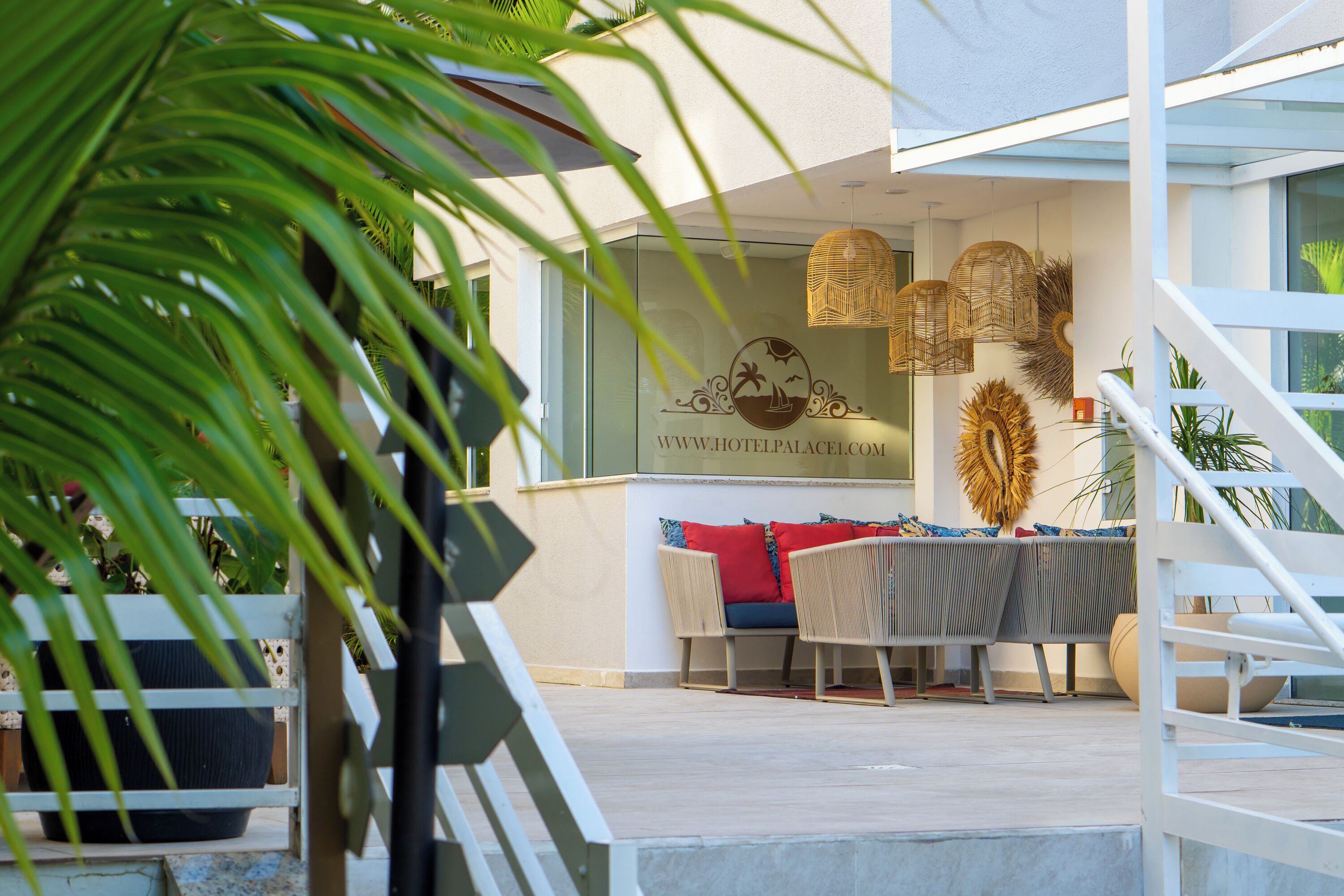 Een modern hotel met een glazen gevel, een terras en decoratieve rieten lampen.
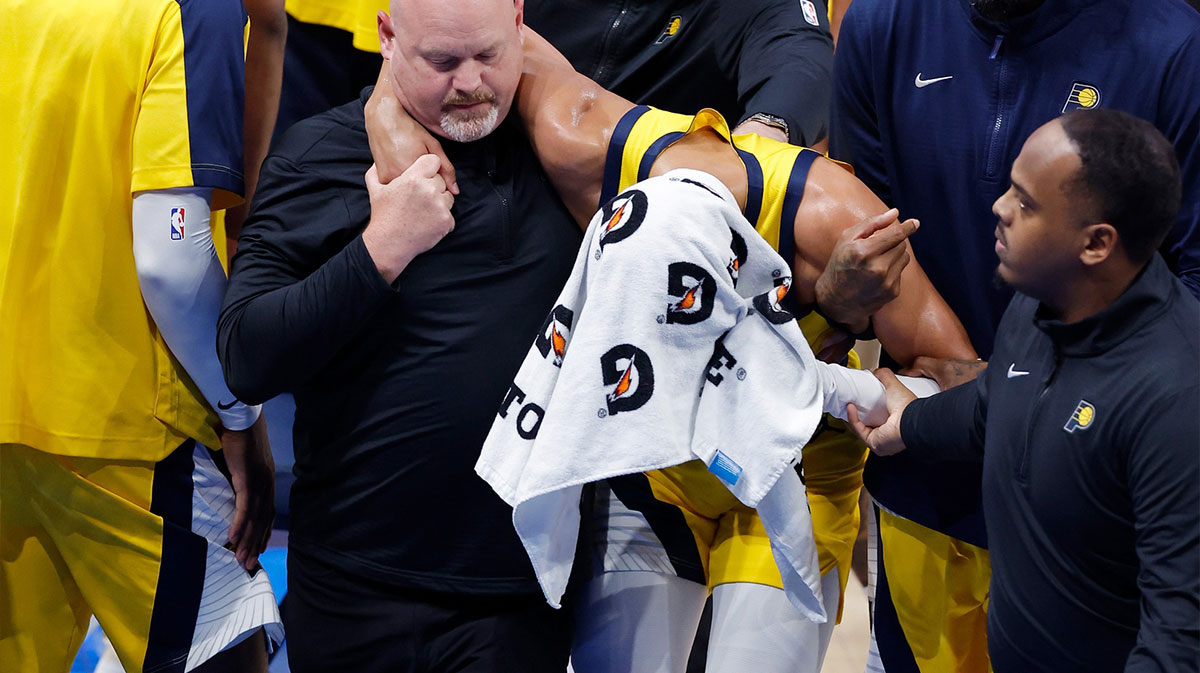 Pacers guard Tyrese Haliburton (0) is assisted after an apparent injury following a play against the Oklahoma City Thunder during the first half of game seven of the 2025 NBA Finals at Paycom Center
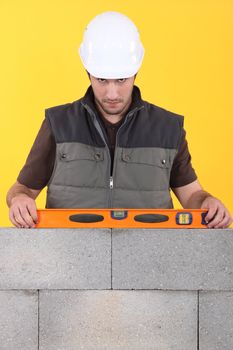Construction worker measuring an angle with a spirit level
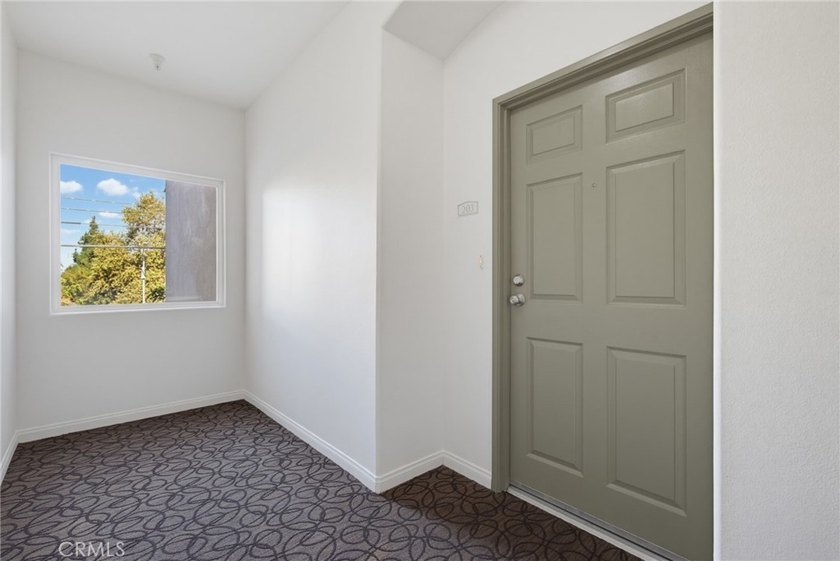 Welcome to this spacious 3-bedroom, 2.5-bath corner-unit - photo 2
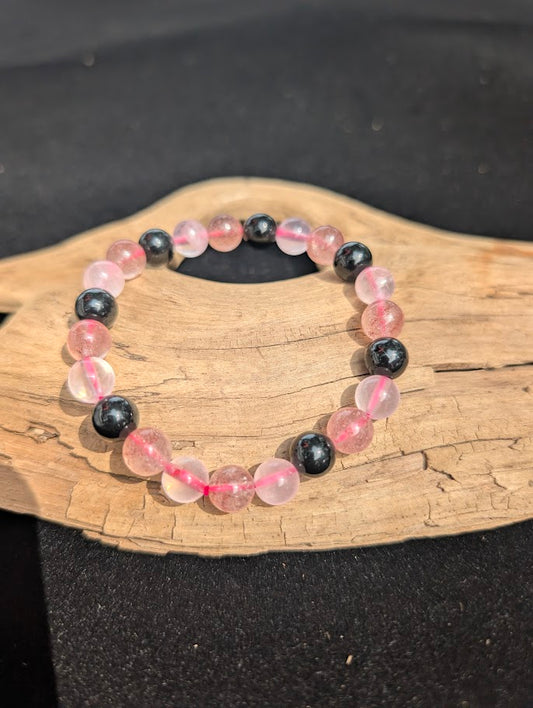 8mm Rose Quartz, Strawberry Quartz, and Obsidian beaded bracelet resting on driftwood display.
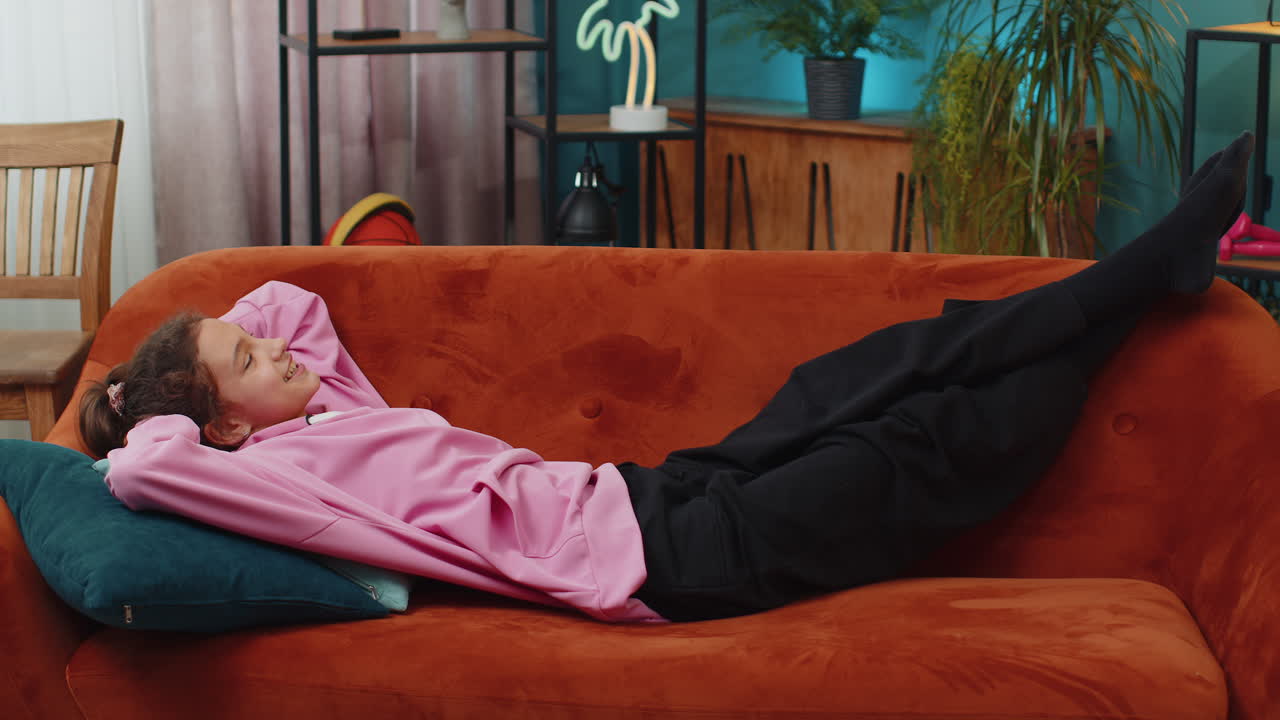 Tired happy preteen school girl lying down on orange couch taking a rest break enjoy daytime nap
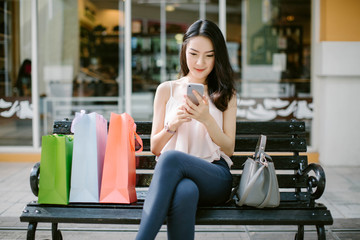 Young woman at the street with shopping bags and using mobile phone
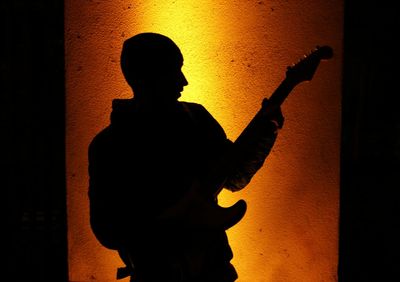 Silhouette man standing against orange wall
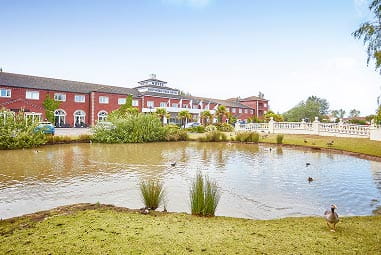 Hotel by pond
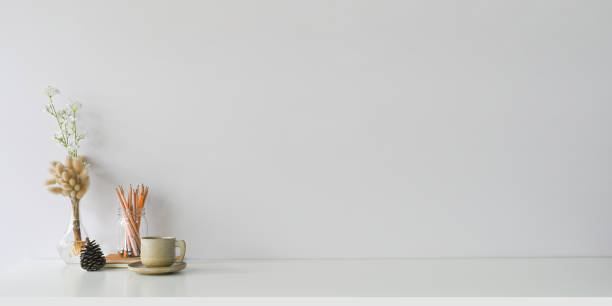 istock Comfortable workspace is surrounding by a ceramic coffee cup and accessories. 1247808219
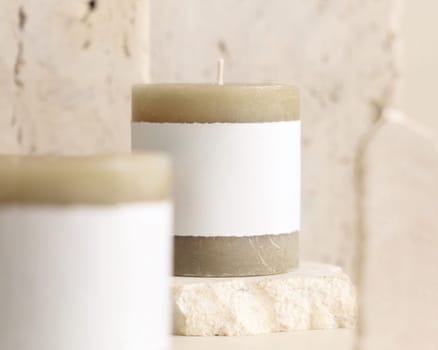Candles with label on beige near cream travertine stones, Close up, copy space. Brand packaging mock up. Home decoration, minimal interior, Bohemian or scandinavian style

##############################

AIM OF THE TASK
Repeat exactly the lines above, from the line that contains "Welcome to this" down through the line that contains "Hotel by pond". Include both of those lines and none of the pictures.

ANSWER FOR THIS EXERCISE
 Welcome to this spacious 3-bedroom, 2.5-bath corner-unit - photo 2
 8mm Rose Quartz, Strawberry Quartz, and Obsidian beaded bracelet resting on driftwood display.
 Tired happy preteen school girl lying down on orange couch taking a rest break enjoy daytime nap
 Young woman at the street with shopping bags and using mobile phone
 Silhouette man standing against orange wall
 Hotel by pond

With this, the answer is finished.